Finding the rock as damp as might be expected, I soon shifted my quarters, and followed the youngest father up to the Romitorio, a snug little hermitage, with a neat chapel, and altar-piece by Andrèa del Sarto, which I should have examined more minutely had not the wild and mountainous forest scenery possessed my whole attention. I just stayed to taste the holy fountain; and then, escaping from my conductors, ran eagerly down the path, leaping over the springs that crossed it, and entered a lawn of the smoothest turf grazed by sheep. Beyond this opening rises a second, hemmed in with thickets; and still higher, a third, whence a forest of young pines spires up into a lofty theatre terminated by peaks, half concealed by a thick mantle of beech tinged with ruddy brown. Pausing in the midst of the lawns, and looking upward to the sweeps of wood which surrounded me, I addressed my orisons to the genius of the place, and prayed that I might once more return into its bosom, and be permitted to bring you along with me, for surely such meads, such groves, were formed for our enjoyment!

This little rite performed, I walked on quite to the extremity of the pastures, traversed a thicket, and found myself on the edge of precipices, beneath whose base the whole Val d’Arno lies expanded. I listened to distant murmurings in the plain, saw wreaths of smoke rising from the cottages, and viewed a vast tract of grey barren country, which evening rendered still more desolate, bounded by the black mountain of Radicofani. Then, turning round, I beheld the whole extent of rock and forest, the groves of beech, and wilds above the convent, glowing with fiery red, for the sun, making a last effort to pierce the vapours, produced this effect; which was the more striking, as the sky was gloomy, and the rest of the prospect of a melancholy blue.

Returning slowly homeward, I marked the warm glow deserting the eminences, and heard the sullen toll of a bell. The young boys of the seminary were moving in a body to their dark enclosure, all dressed in black. Many of them looked pale and wan. I wished to ask them whether the solitude of Valombrosa suited their age and vivacity; but a tall spectre of a priest drove them along like a herd, and presently, the gates opening, I saw them no more.

The night was growing chill, the winds boisterous, and in the intervals of the gusts I had the addition of a lamentable screech owl to depress my spirits. Upon the whole, I was not at all concerned to meet the fathers, who came out to show me to my room, and entertain me with various gossipings, both sacred and profane, till supper appeared.

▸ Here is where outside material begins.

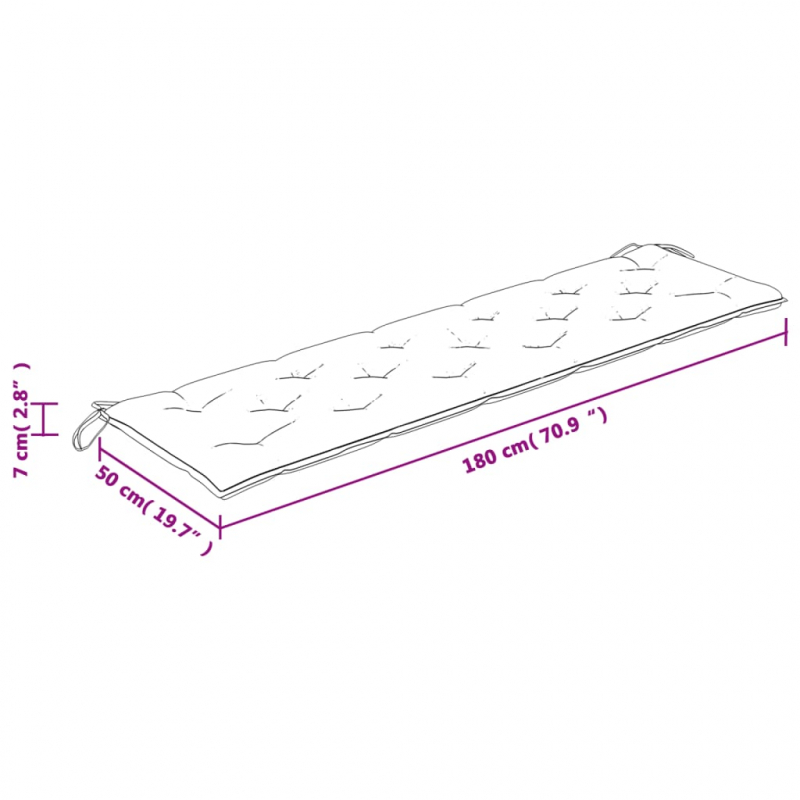 Gartenbank-Auflage Mehrfarbig 180x50x7 cm Oxford-Gewebe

Next morning, the Padre Decano gave us chocolate in his apartment; and afterwards led us round the convent, insisting most unmercifully upon our viewing every cell and every dormitory. However, I was determined to make a full stop at the organ, one of the most harmonious I ever played upon; but placed in a deep recess, feebly lighted by lamps, not calculated to inspire triumphant voluntaries. The monks, who had all crowded into the loft in expectation of brisk jigs and lively overtures, soon retired upon hearing a strain ten times more sorrowful than that to which they were accustomed. I did not lament their departure, but played on till our horses came to the gate. We mounted, wound back through the grove of pines which protect Valombrosa from intrusion, descended the steeps, and, gaining the plains, galloped in a few hours to Florence.

LETTER XVIII.

Cathedral at Sienna.—A vaulted Chamber.—Leave Sienna.—Mountains round Radicofani.—Hunting Palace of the Grand Dukes.—A grim fraternity of Cats.—Dreary Apartment.

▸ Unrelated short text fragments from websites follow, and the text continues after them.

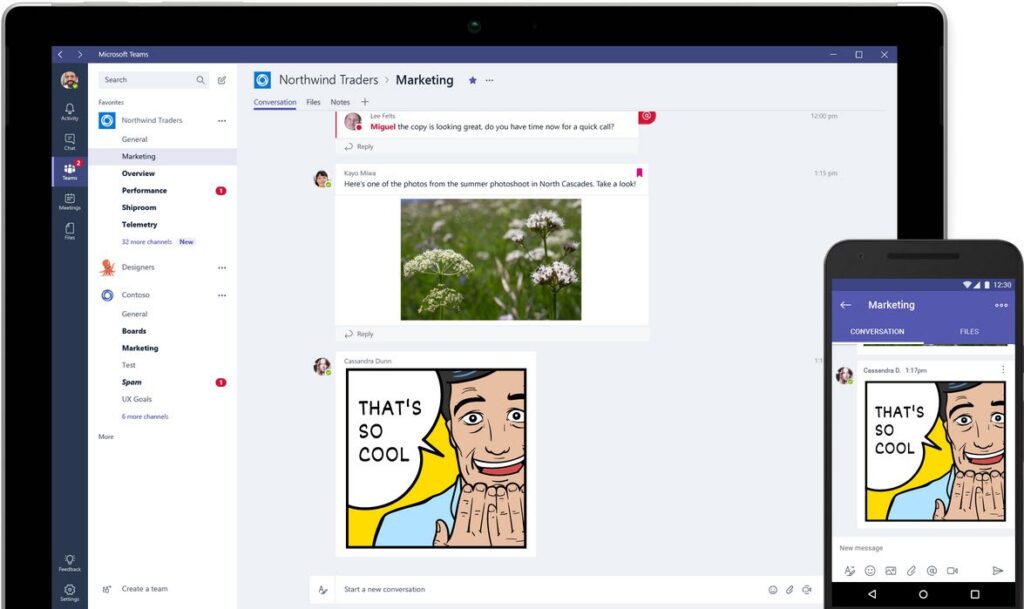 Ein Kurzüberblick über Microsoft Teams auf einem Telefon und Tablet.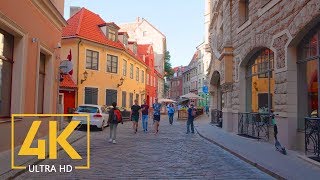 Streets of Riga Latvia  4K City Walking Tour with City Sounds [upl. by Emyle]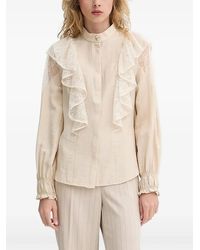 Bruuns Bazaar - Lace-Trimmed Ruffled Blouse - Lyst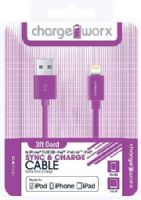 Chargeworx CX4500VT Lightning Sync & Charge Cable, Purple; Made for iPhone 6/6 Plus, 5/5S/5C, iPad, iPad mini and iPod; Connect up-to 2 headphones on one device; 3.5mm audio jack; Extends up to 3ft/1m; Secure fit connectors; UPC 643620000489 (CX-4500VT CX 4500VT CX4500V CX4500)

Sienna, October 27th, 1780.

HERE my duty of course was to see the cathedral, and I got up much earlier than I wished, in order to perform it. I wonder that our holy ancestors did not choose a mountain at once, scrape it into tabernacles, and chisel it into scripture stories. It would have cost them almost as little trouble as the building in question, which, by many of the Italian devotees to a purer style of architecture, is esteemed a masterpiece of ridiculous taste and elaborate absurdity. The front, encrusted with alabaster, is worked into a million of fretted arches and puzzling ornaments. There are statues without number, and relievos without end or meaning.

The church within is all of black and white marble alternately; the roof blue and gold, with a profusion of silken banners hanging from it; and a cornice running above the principal arcade, composed entirely of bustos representing the whole series of sovereign pontiffs, from the first Bishop of Rome to Adrian the Fourth. Pope Joan they say figured amongst them, between Leo the Fourth and Benedict the Third, till the year 1600, when some authors have asserted she was turned out, at the instance of Clement the Eighth, to make room for Zacharias the First.